_DATA FOR THE TASK_
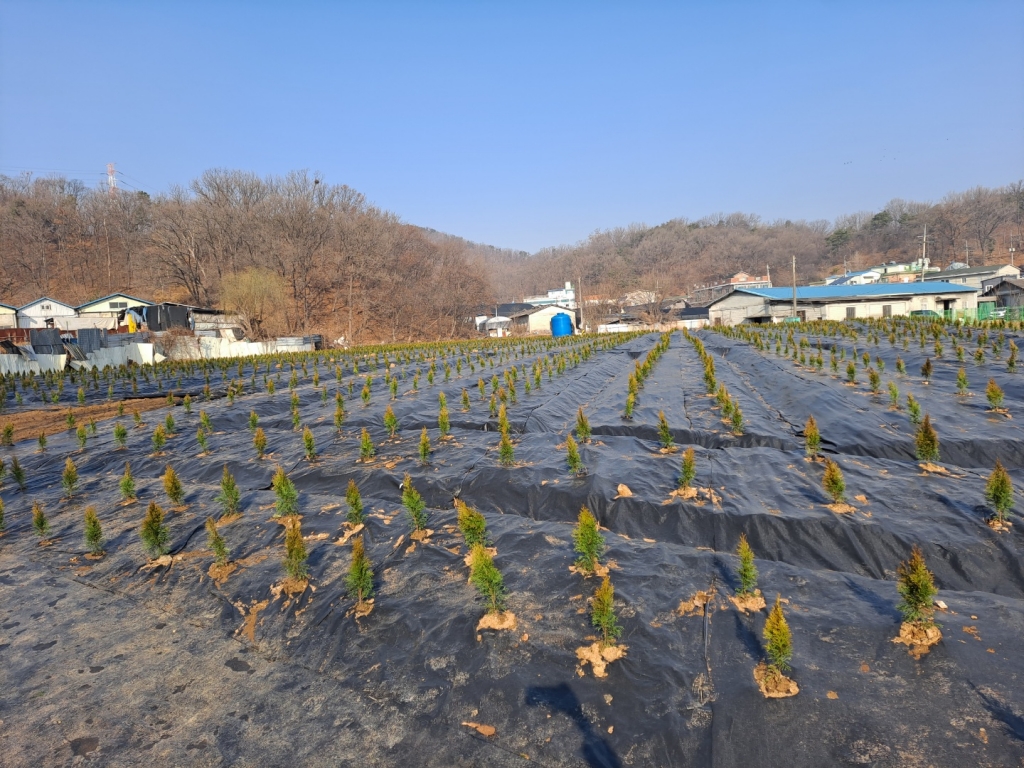 8일 LH공사 직원들의 투기 의혹이 제기된 경기도 시흥시 과림동 일대 토지. 농사와 상관없는 향나무가 심어져 있다/사진=홍순빈 기자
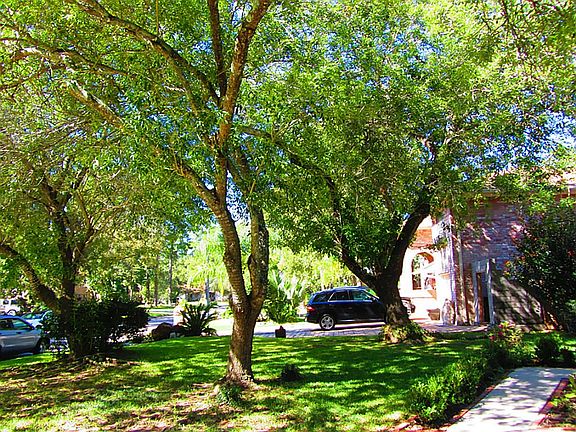 Beautiful Trees with Great Shade!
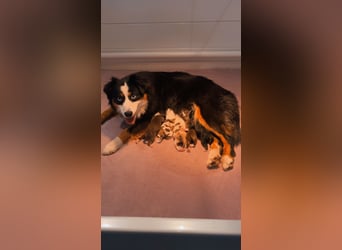 Mini/Miniature Australian Shepherd Welpen mit Papiere
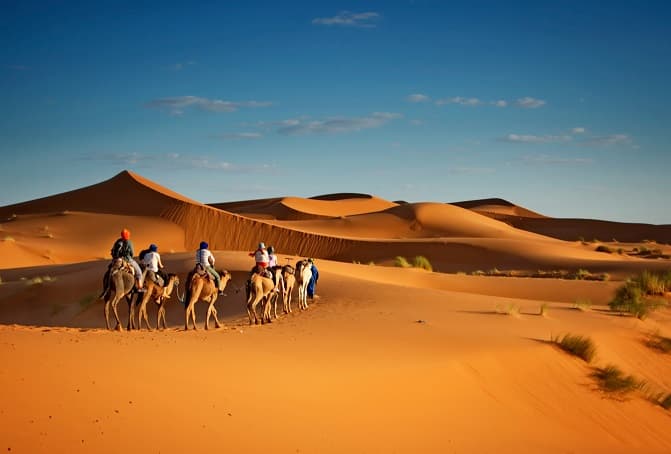 Camel rides in the desert at Wahiba Sands, Oman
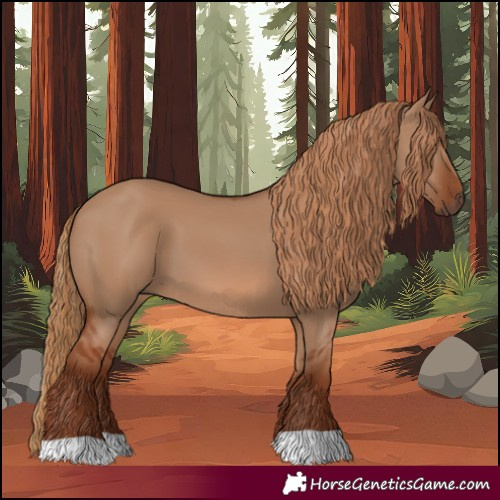 Horse Color:Red Dun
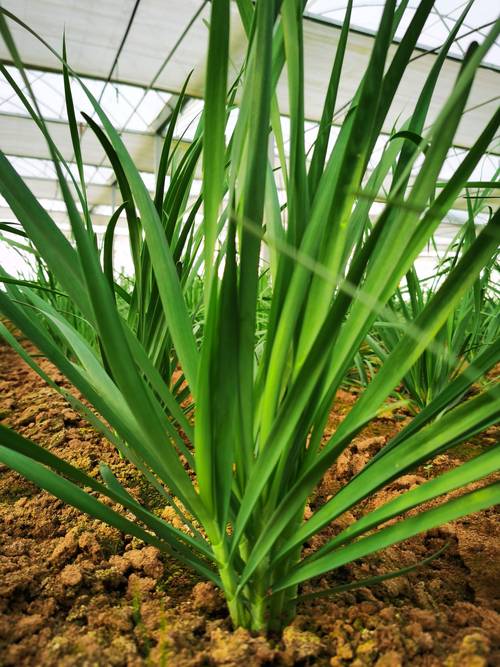 韭菜种植最简单方法：家庭盆栽地栽高产技巧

_WHAT TO WORK ON_
Repeat the material above exactly, so that every entry appears but no picture does.

_REPLY_
 8일 LH공사 직원들의 투기 의혹이 제기된 경기도 시흥시 과림동 일대 토지. 농사와 상관없는 향나무가 심어져 있다/사진=홍순빈 기자
 Beautiful Trees with Great Shade!
 Mini/Miniature Australian Shepherd Welpen mit Papiere
 Camel rides in the desert at Wahiba Sands, Oman
 Horse Color:Red Dun
 韭菜种植最简单方法：家庭盆栽地栽高产技巧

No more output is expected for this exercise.